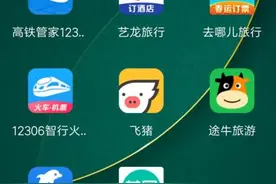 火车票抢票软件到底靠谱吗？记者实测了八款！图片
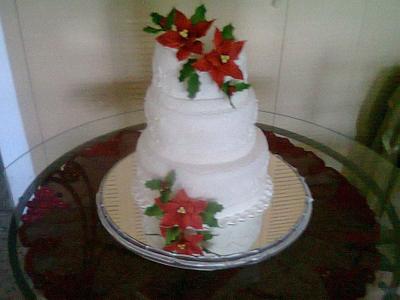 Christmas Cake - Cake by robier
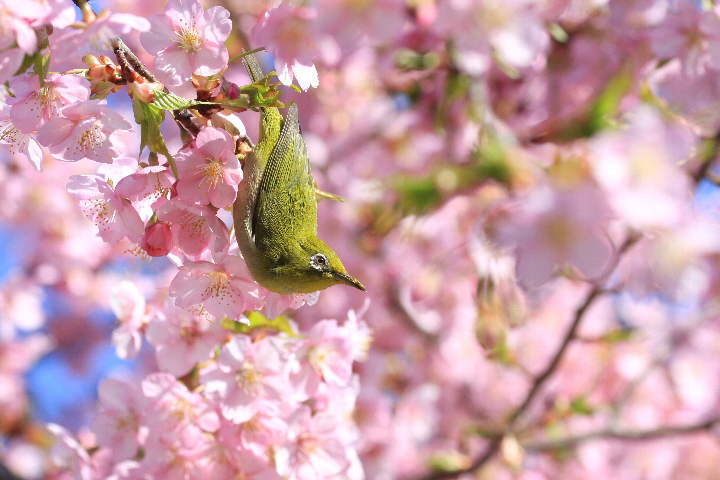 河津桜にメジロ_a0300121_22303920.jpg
******
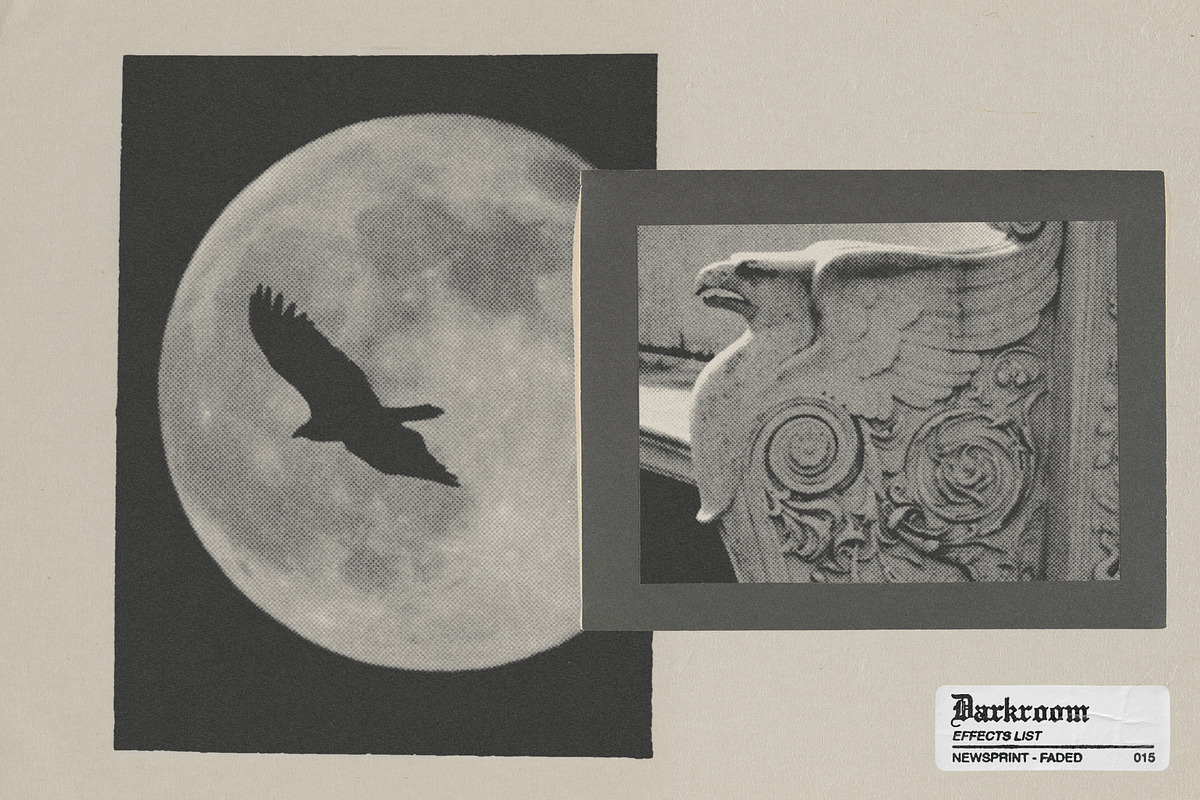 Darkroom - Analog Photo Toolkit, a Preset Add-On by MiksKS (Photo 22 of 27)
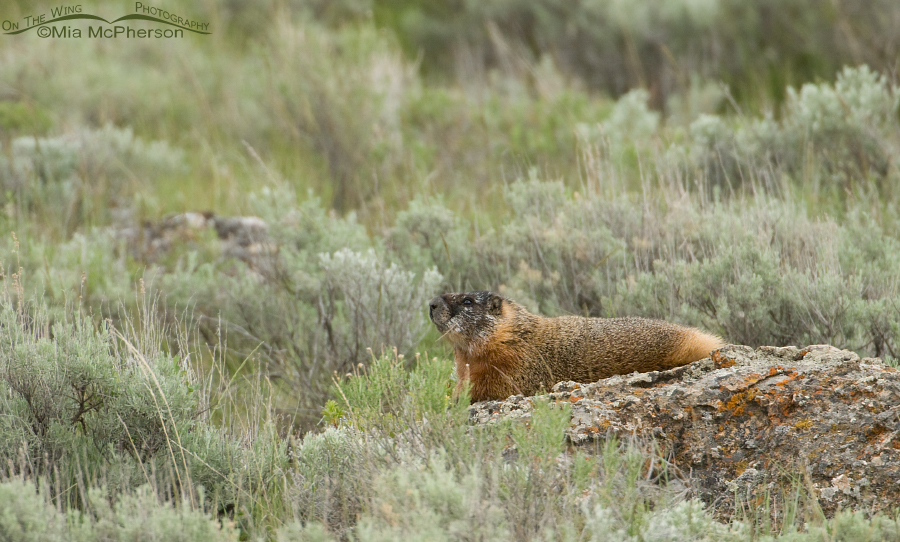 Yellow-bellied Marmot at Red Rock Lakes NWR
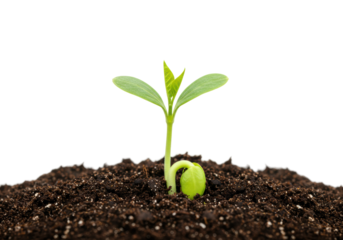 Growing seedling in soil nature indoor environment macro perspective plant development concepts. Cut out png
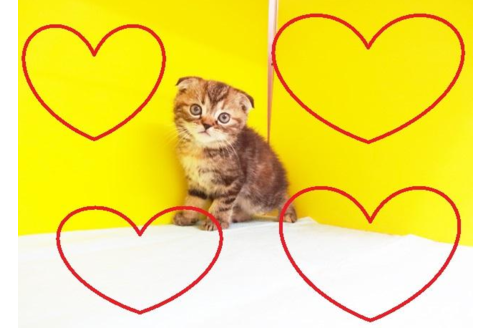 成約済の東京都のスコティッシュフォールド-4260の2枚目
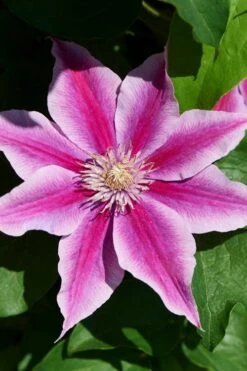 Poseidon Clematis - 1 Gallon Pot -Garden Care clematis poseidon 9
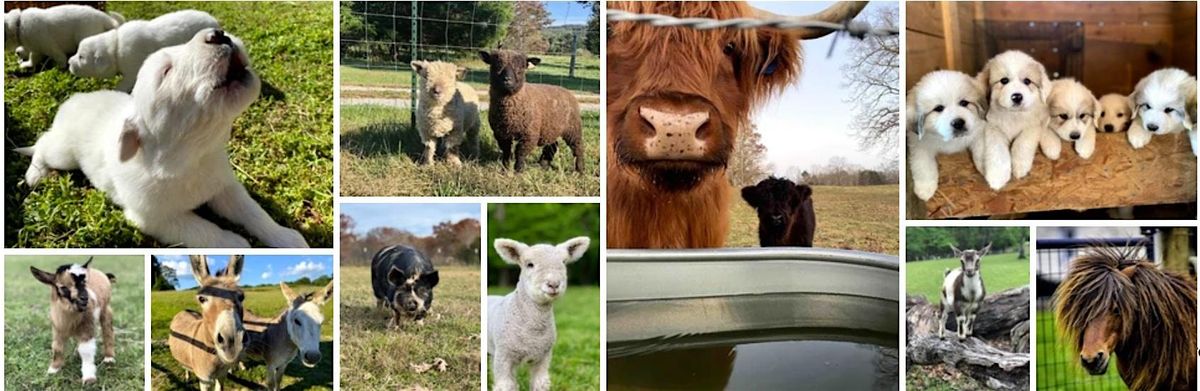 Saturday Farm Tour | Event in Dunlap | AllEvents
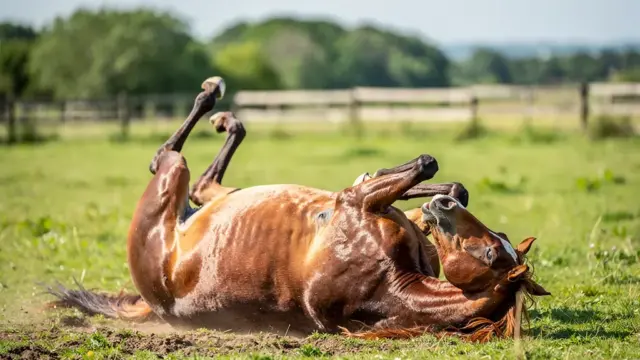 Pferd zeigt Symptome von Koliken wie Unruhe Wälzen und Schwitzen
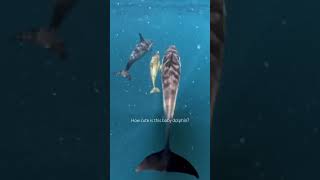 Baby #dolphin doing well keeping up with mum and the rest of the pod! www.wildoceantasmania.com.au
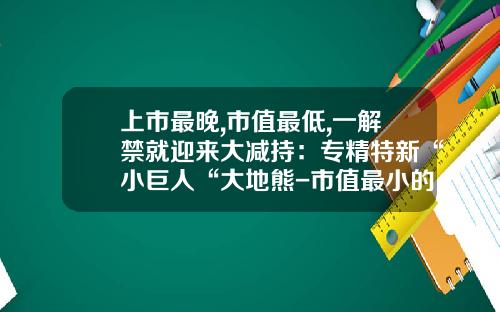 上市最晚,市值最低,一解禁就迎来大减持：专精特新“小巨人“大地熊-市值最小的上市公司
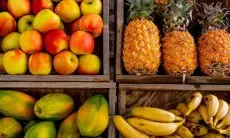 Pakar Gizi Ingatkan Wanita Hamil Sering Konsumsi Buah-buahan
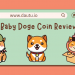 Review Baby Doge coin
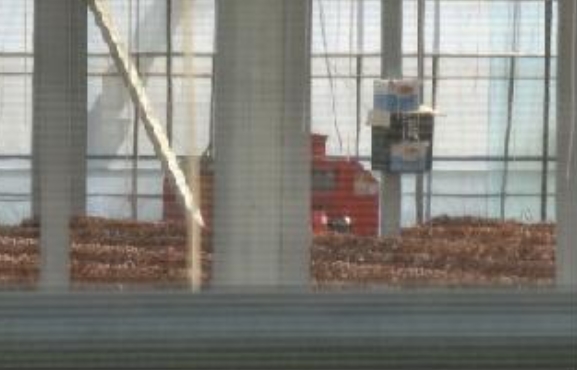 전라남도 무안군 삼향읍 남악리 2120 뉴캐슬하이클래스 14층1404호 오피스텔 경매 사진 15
******
**Exercise details:** The answer is the lines of the material above, from the one containing "Yellow-bellied Marmot at Red Rock Lakes NWR" down to the one containing "전라남도 무안군 삼향읍", given exactly and without images.

**Answer box:**
 Yellow-bellied Marmot at Red Rock Lakes NWR
 Growing seedling in soil nature indoor environment macro perspective plant development concepts. Cut out png
 成約済の東京都のスコティッシュフォールド-4260の2枚目
 Poseidon Clematis - 1 Gallon Pot -Garden Care clematis poseidon 9
 Saturday Farm Tour | Event in Dunlap | AllEvents
 Pferd zeigt Symptome von Koliken wie Unruhe Wälzen und Schwitzen
 Baby #dolphin doing well keeping up with mum and the rest of the pod! www.wildoceantasmania.com.au
 上市最晚,市值最低,一解禁就迎来大减持：专精特新“小巨人“大地熊-市值最小的上市公司
 Pakar Gizi Ingatkan Wanita Hamil Sering Konsumsi Buah-buahan
 Review Baby Doge coin
 전라남도 무안군 삼향읍 남악리 2120 뉴캐슬하이클래스 14층1404호 오피스텔 경매 사진 15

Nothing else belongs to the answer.